## EXERCISE PROMPT
Leave the pictures behind and reproduce every line of the listing exactly.

## COLLECTED DATA
____

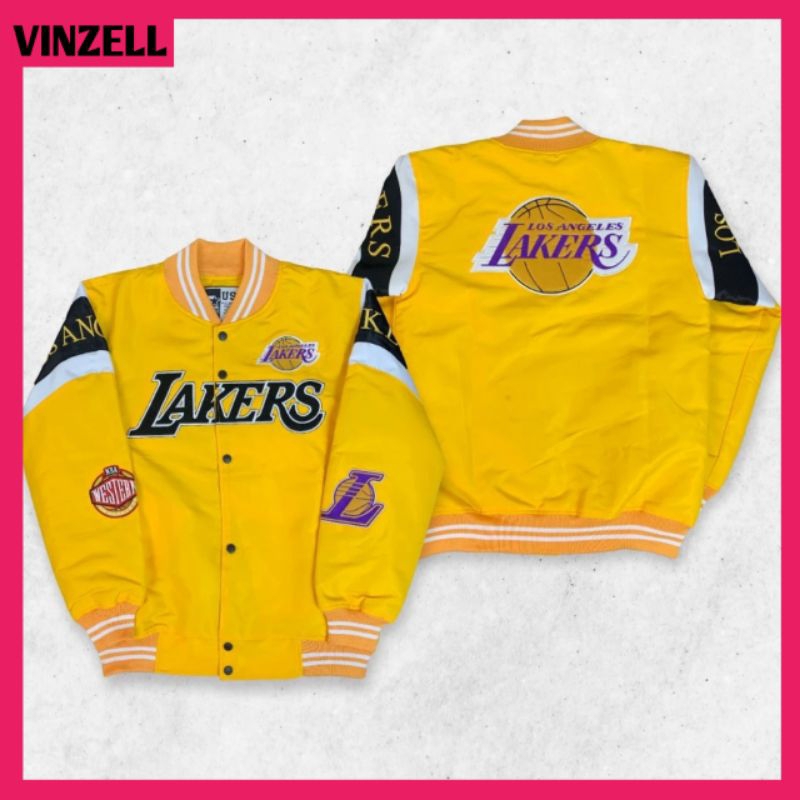 JUMPSHOT Bomber Varsity Baseball Jacket สําหรับผู้ชายและผู้หญิง - Lakers Team NBA Basketball Premium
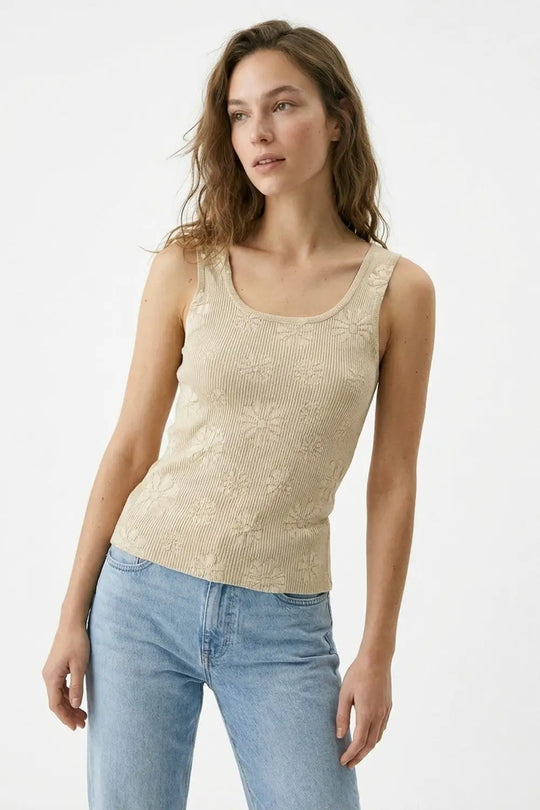 Beige Floral Embroidered Ribbed Knit Tank Top - One Size / Beige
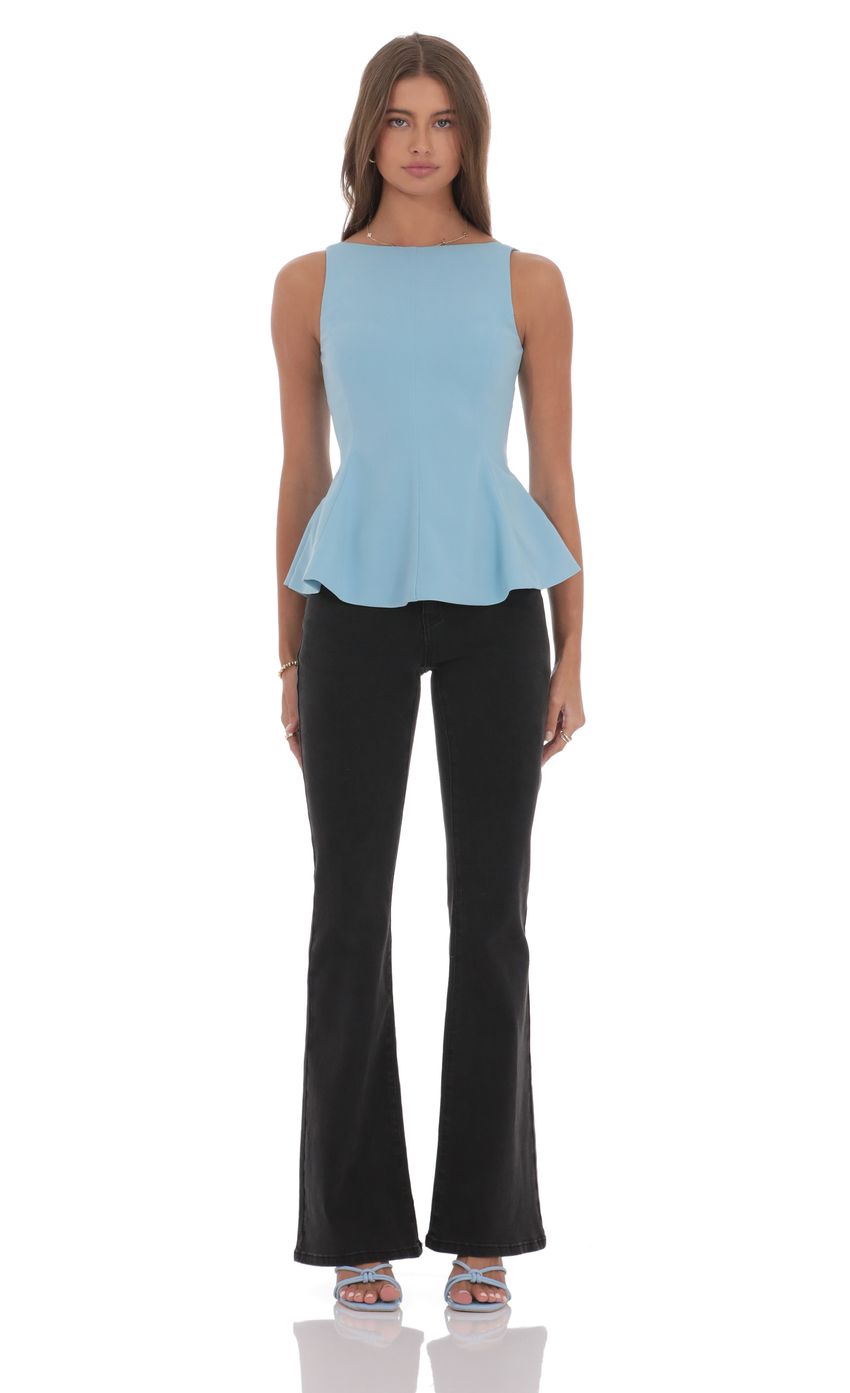 Product image for High Neck Back Bow Top in Light Blue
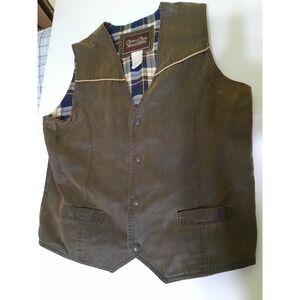 Cripple Creek L Large Faux Leather Snap Vest Flannel Lined Brown Western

____

## RESPONSE AREA
 JUMPSHOT Bomber Varsity Baseball Jacket สําหรับผู้ชายและผู้หญิง - Lakers Team NBA Basketball Premium
 Beige Floral Embroidered Ribbed Knit Tank Top - One Size / Beige
 Product image for High Neck Back Bow Top in Light Blue
 Cripple Creek L Large Faux Leather Snap Vest Flannel Lined Brown Western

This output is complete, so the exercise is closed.